When Vulnerability Costs You the Room
June 24, 2025
I didn’t want to perform. I wanted to grow. But sometimes, when you bring your full self, the room gets quiet — and the door closes.
I didn’t go into the course to tick boxes.
I went in to grow. To unfold. To bring the parts of myself I’ve hidden in every other space — and see if they could survive being visible.
And for a while, I believed that was what this was all about.
So I was honest.
Not brutally. Not performatively.
Just… deeply.
I shared my fears, my history, my patterns. I spoke openly in the interview about not having a traditional support system — because the people who were supposed to support me were actually the ones I had to protect myself from.
I thought honesty would be seen as strength.
Instead, I suspect it was seen as instability.
Because I didn’t give the neat version.
I didn’t pretend I had everything together.
I didn’t hide behind the mask of “appropriate professionalism.”
I brought myself — not the polished, curated candidate, but the real, evolving human.
And the room got quiet.
And the door closed.
And I still haven’t heard back.
My therapist said something that stuck with me.
She said that most people go under the radar.

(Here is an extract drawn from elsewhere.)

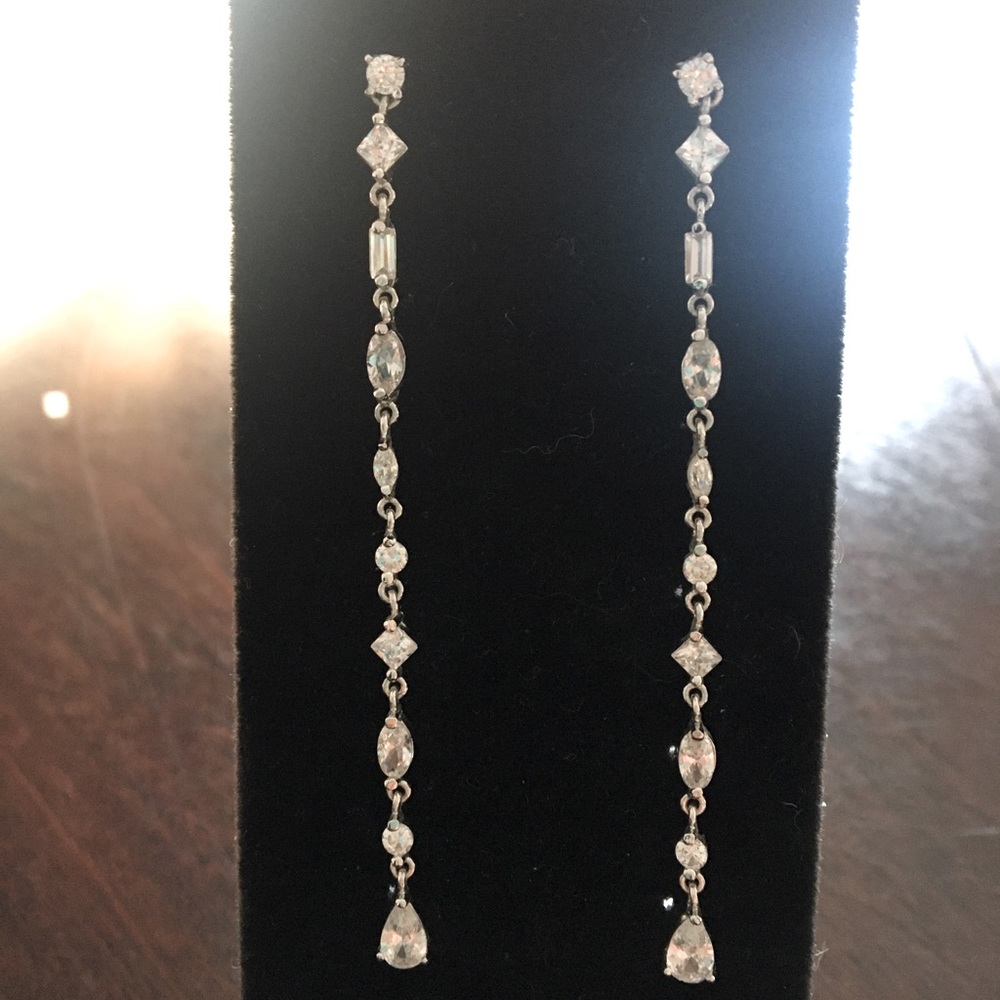 Fashion drop earrings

They do just enough. They keep their mess quiet, their doubts hidden. They play the game. And they get through.
But I didn’t want to just get through.
I wanted to be seen.
And I was — just not in the way I hoped.
It hurts.
Because this wasn’t just an application.
It was me.
And yet… something soft remains.
Because my therapist does see me.
She sees the sparkle, the edge, the exuberance I usually keep in check.
She doesn’t flinch at the parts of me that are still figuring it out.
And in our sessions, I don’t have to explain myself into acceptability. I just get to be.
That matters.
Right now, I feel most myself with her — and with my son.
And that’s not nothing. That’s the start of something real.
So maybe this door closing isn’t rejection.
Maybe it’s redirection.
Maybe the system didn’t know how to hold someone like me — someone who’s not here to impress, but to become.
And maybe the next room I walk into will be built for exactly that.